The Trolley Problem Becomes a Reality: The Ethics of the Self-Driving Car

Originally posted on 03/12/17.


This paper explores the various approaches to machine ethics in the context of self-driving cars. The fairly recent introduction of these vehicles into the public sphere indicate the necessity of a morally sound structure from which we can define the rules and methods these self-driving cars will follow. This is done by studying the different challenges faced in the pursuit of this ethical framework, including the Trolley Problem and the dilemmas and problems it faces. These problems are taken into account when considering both top-down and bottom-up approaches, and the benefits of each are outlined and analyzed. An ideal solution — one that combines elements of both the top-down and bottom-up concepts — is proposed. Finally, methods are introduced to monitor the actions of these vehicles which serve to mitigate fear of autonomous vehicles and present a background for the logical reasoning behind their decisions. The existence of a consistent ethical framework for self-driving cars will allow this industry to develop in an morally righteous manner.

Keywords: Autonomous Vehicles, Self-Driving Cars, Machine Ethics, The Trolley Problem, Anthropocentrism, Deontological Ethics, Virtue Theory, Utilitarianism


Tegmark (2017 pg. 98–99) notes that car accidents claimed over 1.2 million lives globally in 2015. Isreali Computer Scientist Moshe Vardi became very emotional at a 2016 meeting of The Association for the Advancement of AI stating that not only could AI reduce the number of deaths, but it must, declaring it a moral imperative. Almost all car crashes are caused by human error and it is widely believed that up to 90% of road deaths could be prevented with the use of self-driving cars. This is one of the major incentives for getting self-driving cars on the road. The purpose of this essay is to determine an optimal ethical framework for the control of self-driving cars.

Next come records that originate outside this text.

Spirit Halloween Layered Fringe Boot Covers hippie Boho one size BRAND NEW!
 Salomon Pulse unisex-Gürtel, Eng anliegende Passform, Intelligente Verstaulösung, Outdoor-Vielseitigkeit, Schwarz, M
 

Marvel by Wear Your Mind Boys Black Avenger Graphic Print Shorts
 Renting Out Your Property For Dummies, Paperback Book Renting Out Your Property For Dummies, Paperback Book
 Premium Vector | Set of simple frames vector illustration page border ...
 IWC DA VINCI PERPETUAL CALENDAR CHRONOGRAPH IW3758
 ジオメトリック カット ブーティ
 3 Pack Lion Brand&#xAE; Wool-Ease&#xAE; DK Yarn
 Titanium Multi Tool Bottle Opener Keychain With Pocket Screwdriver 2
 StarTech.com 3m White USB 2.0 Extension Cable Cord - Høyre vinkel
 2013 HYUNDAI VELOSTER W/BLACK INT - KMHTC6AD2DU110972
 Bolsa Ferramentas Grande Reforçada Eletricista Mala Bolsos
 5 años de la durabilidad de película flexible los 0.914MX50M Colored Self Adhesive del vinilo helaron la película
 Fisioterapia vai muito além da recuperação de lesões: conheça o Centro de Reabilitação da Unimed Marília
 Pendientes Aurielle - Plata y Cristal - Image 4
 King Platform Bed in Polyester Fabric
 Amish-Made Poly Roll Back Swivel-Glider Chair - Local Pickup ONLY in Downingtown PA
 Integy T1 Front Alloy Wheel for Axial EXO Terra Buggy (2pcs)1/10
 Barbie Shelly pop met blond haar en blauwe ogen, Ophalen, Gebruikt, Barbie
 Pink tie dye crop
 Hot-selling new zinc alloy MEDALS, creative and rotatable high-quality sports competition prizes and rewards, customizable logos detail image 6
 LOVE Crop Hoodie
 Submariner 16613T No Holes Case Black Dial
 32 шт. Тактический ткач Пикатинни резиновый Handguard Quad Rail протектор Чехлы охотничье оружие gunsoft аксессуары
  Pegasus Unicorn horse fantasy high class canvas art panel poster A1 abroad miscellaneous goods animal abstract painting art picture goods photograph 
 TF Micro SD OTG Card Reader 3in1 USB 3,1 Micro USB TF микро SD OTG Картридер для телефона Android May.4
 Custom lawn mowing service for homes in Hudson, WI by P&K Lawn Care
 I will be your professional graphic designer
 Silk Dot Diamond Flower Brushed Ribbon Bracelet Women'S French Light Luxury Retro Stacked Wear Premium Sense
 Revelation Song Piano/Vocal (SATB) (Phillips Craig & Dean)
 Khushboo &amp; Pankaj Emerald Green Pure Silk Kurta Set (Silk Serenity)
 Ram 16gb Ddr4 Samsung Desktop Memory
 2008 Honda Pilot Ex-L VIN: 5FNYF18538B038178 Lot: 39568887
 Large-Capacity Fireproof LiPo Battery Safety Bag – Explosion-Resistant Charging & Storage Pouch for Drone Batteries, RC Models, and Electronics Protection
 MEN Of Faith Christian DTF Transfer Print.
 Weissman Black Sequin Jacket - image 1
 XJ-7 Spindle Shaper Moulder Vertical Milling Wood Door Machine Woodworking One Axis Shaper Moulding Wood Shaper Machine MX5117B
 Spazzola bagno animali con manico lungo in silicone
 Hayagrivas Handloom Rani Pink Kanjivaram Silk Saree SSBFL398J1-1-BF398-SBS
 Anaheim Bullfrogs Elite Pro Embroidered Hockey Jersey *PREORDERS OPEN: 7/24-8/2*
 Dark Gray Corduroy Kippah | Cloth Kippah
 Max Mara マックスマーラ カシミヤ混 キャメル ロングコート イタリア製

The impact of autonomy on industry and manufacturing has been significant. In many applications machines have replaced humans in performing the “three D’s” jobs that are dirty, dull and dangerous (Lin, P. et al. 2016, pg. 4). Robots have been active in the field of transportation for some time; witness autopilot controls and driverless trains, however their potential for colliding with other vehicles and humans has been minimal and the allowance for true autonomous decision making limited. With self-driving cars however, the interaction is continuous and complicated, and the possibility of accidents omnipresent. The cars’ operating system must be designed to make many complex decisions. The public will judge these vehicles more harshly than human drivers and the tolerance for error or accidents will be much lower. The vehicle must know what it “ought” to do in all cases, which requires a high level of reasoning. It requires a code of ethics. In this essay some of the challenges specific to instilling ethics in self-driving cars will be identified. Several different approaches to instilling ethics will be presented and evaluated vis a vis the car. An optimal ‘hybrid’ approach will be explored, exploring both the rigid rule-based method of programming as well as the organic learning-based method. Finally, methods for testing and monitoring the technology will be outlined.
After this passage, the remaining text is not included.